Marriage is as impossible as immediate canonization. ‘But,’ says he, ‘we
are both young. We love each other, we shall both be in the _quartier_
for time indefinite’—time is never definite, thank God, to youth—‘Why
should we not set up housekeeping together? I have enough for both—and
let the future take care of itself.’”

Corinna rose and looked at him haggardly and clutched him by the
shoulder.

“How, in the name of God, do you know that? Who told you? Who overheard
that little beast propose that I should go and live with him as his
mistress?”

Fortinbras patted the white-knuckled hand and smiled, as he looked up
into her tense face. “Do you suppose, my dear child, that I have been
the father confessor of half the _Rive Gauche_ for twenty years without
knowing something of the ways of the _Rive Gauche_? without knowing
something, not exactly of international, but say of multi-national codes
of social observance, morality, honour, and so forth, and how they
clash, correspond and interact? I know the two international
forces—yours and Camille Fargot’s, converging on the matrimonial
point—and with simple certainty I tell you the resultant. It’s like a
schoolboy’s exercise in mathematics.”

She freed herself and sat down again dejectedly. Everything had happened
as Fortinbras declared. His only omission, to repair which she had not
given him time, was the scene of flaming indignation incident to Camille
Fargot’s dismissal. And his psychology was correct. The young man’s
charming love-making had flattered her, had indeed awakened foolish
hopes; but she had never cared a button for him. Now she loathed him
with a devastating hate. She thrummed with her fingers on the table.

“What is there left for me to do?”

“Ah, now,” said Fortinbras genially, “we’re talking sense. Now we come
to our famous second professional consultation.”

“Go ahead then,” said Corinna.

“I mentioned the word ‘professional,’” Fortinbras remarked.

Martin laughed and put a ten-franc piece into the soft open palm.
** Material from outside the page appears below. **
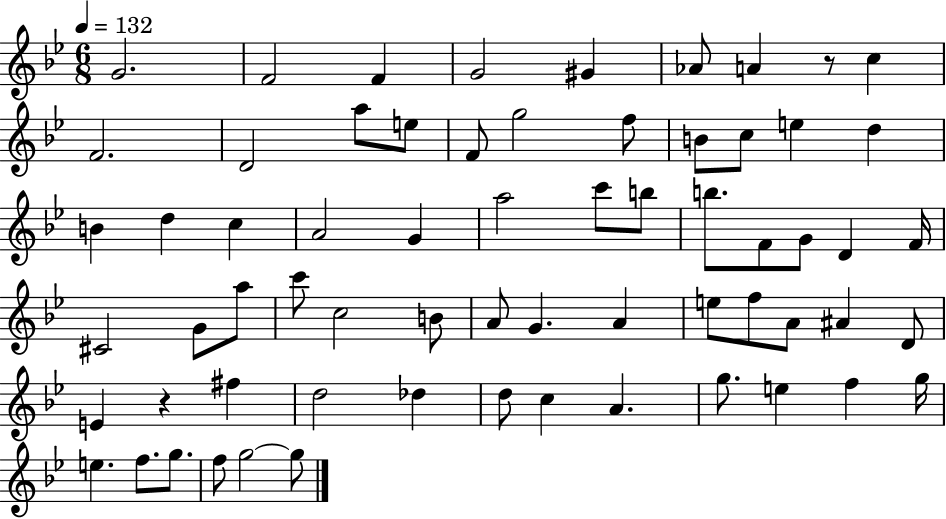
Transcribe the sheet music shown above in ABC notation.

“I’ll pay for both,” said he.

“It’s like having your fortune told at a fair,” said Corinna. “But hurry
up!” she glanced at her watch. “As it is, I shan’t have time to pay my
bill. Will you see after it?” she drew from her bag one of the borrowed
notes and threw it across to Martin. “Well, I am all attention. I can
give you three minutes.”

But just then a familiar sound of scrunching wheels came through the
open doors of the vestibule and dining-room. She started.
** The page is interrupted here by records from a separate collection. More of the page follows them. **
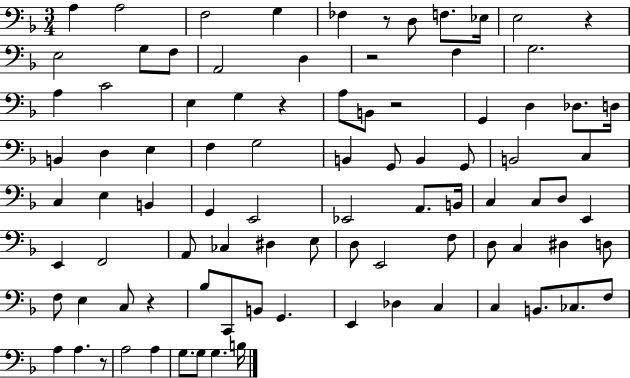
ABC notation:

X:1
T:Untitled
M:3/4
L:1/4
K:F
A, A,2 F,2 G, _F, z/2 D,/2 F,/2 _E,/4 E,2 z E,2 G,/2 F,/2 A,,2 D, z2 F, G,2 A, C2 E, G, z A,/2 B,,/2 z2 G,, D, _D,/2 D,/4 B,, D, E, F, G,2 B,, G,,/2 B,, G,,/2 B,,2 C, C, E, B,, G,, E,,2 _E,,2 A,,/2 B,,/4 C, C,/2 D,/2 E,, E,, F,,2 A,,/2 _C, ^D, E,/2 D,/2 E,,2 F,/2 D,/2 C, ^D, D,/2 F,/2 E, C,/2 z _B,/2 C,,/2 B,,/2 G,, E,, _D, C, C, B,,/2 _C,/2 F,/2 A, A, z/2 A,2 A, G,/2 G,/2 G, B,/4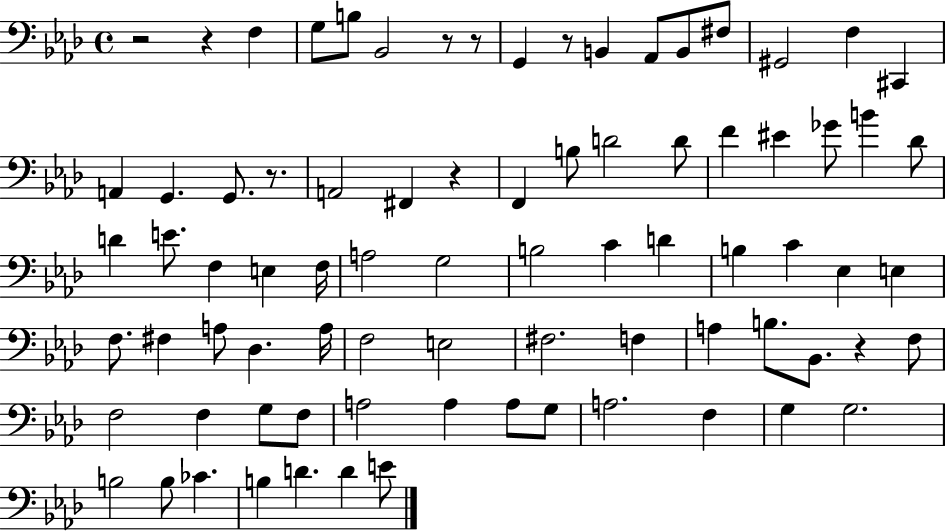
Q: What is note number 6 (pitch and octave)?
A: B2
“That’s the omnibus going.”

“The omnibus gone,” said Fortinbras.

“I’ll miss my train.”

“You will,” said Fortinbras.

“My luggage has gone with it.”

“It has not,” said Fortinbras. “I gave instructions that it should not
be brought down.”

Corinna gasped. “Of all the cool impertinence——!” She looked at her
watch again. “And the beastly thing has started long before its time!”

“At my request,” said Fortinbras. “And now, as there is no possibility
of your getting away from Brantôme for several hours, perhaps you might,
with profit, abandon your attitude of indignation and listen to the
voice of reason.”

“By the way,” said Martin, “have you had your _petit déjeuner_?”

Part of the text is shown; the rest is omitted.